- Research
ACJ in Action: What Recent (2025) Research Reveals About Reliable Writing Assessment

Recent research (Gurel et.al 2025) dives into how adaptive comparative judgement (ACJ) performs when used to assess writing—and confirms that this approach is both robust and practical for organisations looking for fairer, more insightful assessment methods. What’s really important about these findings, and how do they connect to using ACJ tools like RM Compare?
How Did the Study Work?
The researchers wanted to see how reliable ACJ is, not just under perfect conditions, but across a range of real-world scenarios:
- Simulations with different group sizes: They created test situations involving 250, 500, and 1000 scripts, simulating how ACJ would operate from a small class to a large cohort.
- Testing when to stop: In these simulations, they experimented with doing more or fewer rounds of judging, exploring whether requiring more comparisons would make the results even more dependable.
- A real-world classroom test: Finally, they brought ACJ into the classroom, having 50 actual student writing samples judged both by ACJ and by experts using traditional mark schemes.

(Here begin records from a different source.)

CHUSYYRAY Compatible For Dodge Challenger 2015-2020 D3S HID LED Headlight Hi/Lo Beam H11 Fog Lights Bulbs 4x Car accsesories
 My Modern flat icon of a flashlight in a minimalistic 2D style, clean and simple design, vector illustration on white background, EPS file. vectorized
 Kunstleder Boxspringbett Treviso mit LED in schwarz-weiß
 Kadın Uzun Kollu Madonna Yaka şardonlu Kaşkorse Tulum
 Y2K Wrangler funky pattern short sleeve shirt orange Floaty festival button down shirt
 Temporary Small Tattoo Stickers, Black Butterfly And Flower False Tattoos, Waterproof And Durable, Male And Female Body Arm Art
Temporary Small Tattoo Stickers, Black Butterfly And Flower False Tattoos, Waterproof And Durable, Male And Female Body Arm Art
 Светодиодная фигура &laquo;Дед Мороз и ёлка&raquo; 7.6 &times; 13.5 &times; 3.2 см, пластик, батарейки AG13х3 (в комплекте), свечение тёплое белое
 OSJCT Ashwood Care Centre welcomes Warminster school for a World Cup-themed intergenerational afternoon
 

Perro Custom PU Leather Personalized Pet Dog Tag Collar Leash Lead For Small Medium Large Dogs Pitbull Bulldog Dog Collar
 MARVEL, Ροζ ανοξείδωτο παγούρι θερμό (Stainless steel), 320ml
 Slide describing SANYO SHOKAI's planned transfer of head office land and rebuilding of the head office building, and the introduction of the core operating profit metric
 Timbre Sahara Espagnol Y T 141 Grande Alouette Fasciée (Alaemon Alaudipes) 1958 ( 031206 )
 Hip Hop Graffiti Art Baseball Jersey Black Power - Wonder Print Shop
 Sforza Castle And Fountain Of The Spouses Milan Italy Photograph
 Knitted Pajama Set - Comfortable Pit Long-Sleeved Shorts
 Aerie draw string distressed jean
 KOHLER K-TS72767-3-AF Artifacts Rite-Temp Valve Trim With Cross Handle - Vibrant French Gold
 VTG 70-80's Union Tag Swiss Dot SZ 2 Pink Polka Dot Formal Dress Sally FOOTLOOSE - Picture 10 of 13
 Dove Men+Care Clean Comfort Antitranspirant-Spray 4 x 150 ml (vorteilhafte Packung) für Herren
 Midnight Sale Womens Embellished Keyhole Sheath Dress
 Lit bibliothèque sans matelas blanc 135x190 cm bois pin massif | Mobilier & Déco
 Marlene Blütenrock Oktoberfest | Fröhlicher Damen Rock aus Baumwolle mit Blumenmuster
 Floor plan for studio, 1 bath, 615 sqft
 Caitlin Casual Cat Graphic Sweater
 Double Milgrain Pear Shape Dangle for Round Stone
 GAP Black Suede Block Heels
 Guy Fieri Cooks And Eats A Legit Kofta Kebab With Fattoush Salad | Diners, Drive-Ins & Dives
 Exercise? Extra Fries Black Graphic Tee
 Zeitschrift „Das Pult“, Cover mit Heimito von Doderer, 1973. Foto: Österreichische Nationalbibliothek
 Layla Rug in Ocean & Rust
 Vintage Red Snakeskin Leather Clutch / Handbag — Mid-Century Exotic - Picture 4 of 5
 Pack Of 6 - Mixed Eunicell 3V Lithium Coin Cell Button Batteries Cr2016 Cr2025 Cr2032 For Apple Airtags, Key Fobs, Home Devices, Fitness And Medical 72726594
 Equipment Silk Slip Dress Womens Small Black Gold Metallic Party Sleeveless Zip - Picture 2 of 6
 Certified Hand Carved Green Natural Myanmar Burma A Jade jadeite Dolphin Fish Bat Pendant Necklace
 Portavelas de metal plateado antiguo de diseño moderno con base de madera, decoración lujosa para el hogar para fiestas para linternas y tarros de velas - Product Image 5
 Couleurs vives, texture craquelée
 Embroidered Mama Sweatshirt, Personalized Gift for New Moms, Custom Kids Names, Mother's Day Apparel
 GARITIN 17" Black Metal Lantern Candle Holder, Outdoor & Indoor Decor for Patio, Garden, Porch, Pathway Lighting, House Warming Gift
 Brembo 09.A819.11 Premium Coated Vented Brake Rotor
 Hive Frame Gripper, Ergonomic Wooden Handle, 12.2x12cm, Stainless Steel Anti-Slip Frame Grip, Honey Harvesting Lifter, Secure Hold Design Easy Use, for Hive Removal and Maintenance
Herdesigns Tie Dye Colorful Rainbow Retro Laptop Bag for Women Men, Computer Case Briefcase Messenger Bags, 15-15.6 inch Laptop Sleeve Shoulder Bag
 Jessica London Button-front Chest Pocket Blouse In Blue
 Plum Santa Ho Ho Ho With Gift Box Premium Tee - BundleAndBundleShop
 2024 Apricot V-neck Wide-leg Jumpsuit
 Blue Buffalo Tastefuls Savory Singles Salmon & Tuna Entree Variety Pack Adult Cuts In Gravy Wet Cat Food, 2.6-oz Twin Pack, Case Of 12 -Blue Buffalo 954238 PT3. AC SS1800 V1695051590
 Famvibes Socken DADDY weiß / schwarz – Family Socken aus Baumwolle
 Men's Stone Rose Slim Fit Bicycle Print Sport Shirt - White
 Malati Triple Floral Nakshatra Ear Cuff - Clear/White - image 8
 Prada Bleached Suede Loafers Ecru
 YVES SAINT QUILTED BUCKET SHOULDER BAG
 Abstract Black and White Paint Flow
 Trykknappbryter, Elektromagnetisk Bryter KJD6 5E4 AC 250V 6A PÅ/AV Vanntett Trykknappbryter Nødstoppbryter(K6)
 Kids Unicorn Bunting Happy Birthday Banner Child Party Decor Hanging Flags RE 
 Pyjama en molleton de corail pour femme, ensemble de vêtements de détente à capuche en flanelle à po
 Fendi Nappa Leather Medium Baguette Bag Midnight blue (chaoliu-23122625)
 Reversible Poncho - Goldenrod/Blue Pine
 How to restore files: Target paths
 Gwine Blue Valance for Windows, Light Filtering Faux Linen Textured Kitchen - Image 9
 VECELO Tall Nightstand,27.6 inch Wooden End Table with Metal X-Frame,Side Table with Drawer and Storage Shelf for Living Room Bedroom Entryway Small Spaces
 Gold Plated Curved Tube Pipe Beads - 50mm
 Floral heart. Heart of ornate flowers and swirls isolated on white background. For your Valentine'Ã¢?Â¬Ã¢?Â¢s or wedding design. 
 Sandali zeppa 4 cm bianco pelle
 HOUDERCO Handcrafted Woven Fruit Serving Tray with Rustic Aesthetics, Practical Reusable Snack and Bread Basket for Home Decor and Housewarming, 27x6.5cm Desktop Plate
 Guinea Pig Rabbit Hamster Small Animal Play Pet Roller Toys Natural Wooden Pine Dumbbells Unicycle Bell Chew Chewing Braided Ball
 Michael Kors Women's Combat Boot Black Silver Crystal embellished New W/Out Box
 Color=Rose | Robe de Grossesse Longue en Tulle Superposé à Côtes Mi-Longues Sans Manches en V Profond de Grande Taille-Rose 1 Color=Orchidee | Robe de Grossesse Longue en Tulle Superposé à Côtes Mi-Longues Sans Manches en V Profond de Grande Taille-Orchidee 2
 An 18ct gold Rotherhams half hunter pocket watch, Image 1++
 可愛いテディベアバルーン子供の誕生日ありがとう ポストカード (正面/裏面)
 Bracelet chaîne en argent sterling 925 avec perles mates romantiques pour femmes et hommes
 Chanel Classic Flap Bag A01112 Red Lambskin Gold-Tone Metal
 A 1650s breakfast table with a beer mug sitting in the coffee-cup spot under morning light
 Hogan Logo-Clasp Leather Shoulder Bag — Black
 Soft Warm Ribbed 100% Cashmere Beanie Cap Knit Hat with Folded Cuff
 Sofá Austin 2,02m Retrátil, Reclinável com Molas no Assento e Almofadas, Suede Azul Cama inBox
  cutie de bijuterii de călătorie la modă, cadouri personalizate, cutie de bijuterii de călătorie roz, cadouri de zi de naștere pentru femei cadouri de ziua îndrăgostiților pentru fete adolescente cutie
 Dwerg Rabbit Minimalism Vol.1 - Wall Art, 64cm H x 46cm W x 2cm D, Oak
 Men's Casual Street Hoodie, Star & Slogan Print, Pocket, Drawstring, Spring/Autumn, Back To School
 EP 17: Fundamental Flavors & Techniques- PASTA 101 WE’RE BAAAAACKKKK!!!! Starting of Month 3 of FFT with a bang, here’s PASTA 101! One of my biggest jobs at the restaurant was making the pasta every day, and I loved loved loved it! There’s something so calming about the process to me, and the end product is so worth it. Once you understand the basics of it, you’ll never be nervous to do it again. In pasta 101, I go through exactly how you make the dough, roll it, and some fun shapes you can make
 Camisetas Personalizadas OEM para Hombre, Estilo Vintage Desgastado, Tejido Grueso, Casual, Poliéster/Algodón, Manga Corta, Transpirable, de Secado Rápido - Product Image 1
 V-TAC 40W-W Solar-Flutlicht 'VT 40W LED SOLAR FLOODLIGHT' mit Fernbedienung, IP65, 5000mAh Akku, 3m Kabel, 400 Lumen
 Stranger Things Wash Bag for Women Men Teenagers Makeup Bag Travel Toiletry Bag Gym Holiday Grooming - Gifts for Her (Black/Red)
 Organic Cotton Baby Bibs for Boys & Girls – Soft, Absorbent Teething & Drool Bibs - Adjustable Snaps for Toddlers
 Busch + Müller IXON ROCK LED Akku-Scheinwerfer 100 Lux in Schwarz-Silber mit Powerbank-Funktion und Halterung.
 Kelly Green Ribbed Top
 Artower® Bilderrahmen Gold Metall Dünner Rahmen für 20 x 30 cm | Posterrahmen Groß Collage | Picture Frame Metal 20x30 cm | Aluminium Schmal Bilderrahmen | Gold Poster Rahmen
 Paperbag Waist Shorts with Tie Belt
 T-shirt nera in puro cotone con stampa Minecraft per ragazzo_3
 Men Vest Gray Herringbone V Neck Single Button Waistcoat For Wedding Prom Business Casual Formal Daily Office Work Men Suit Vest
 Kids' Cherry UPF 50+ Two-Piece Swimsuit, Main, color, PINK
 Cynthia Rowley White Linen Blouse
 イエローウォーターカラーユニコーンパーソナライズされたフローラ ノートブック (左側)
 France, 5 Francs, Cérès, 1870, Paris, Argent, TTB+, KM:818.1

This allowed for a direct comparison between the two approaches.
What Did They Find?
- Reliable results every time: No matter the group size or the number of rounds, ACJ consistently delivered high reliability in ranking student work.
- Higher effort means higher confidence—but it’s flexible: Doing more rounds of judging boosted reliability a little further, but the researchers noted that, in practice, it’s up to educators to decide when the results feel “good enough.” The study confirmed that ACJ aligns well with traditional expert judgements, so there’s no worry about missing the mark.
- User control, not rigid automation: Unlike some research systems that automatically stop once a statistical goal is hit, ACJ platforms like RM Compare don’t impose a one-size-fits-all stopping rule. Instead, users get clear feedback after each round (reliability scores and confidence intervals), letting teachers and leaders decide how much judging is right for their unique context.
Why Does This Matter?
- Fairness and trust: ACJ produces results that assessors can trust, and candidates can understand. The rankings are robust even if judging conditions vary.
- Transparency and empowerment: RM Compare and similar platforms put data in assessors’ hands—reliability and confidence updates are always visible, supporting informed decisions about when to finish judging.
- Alignment with good assessment practice: The study shows ACJ is not just an experimental technique—it matches up with established ways of judging, while removing much of the subjectivity risk and workload headaches.
Conclusion
This research, and ACJ itself, show how new technology can bring transparency, flexibility, and genuine professional control to the assessment process. It’s about keeping educators in charge, giving clear evidence for decisions, and supporting the fairest possible outcomes for learners—all without getting lost in complexity or statistics.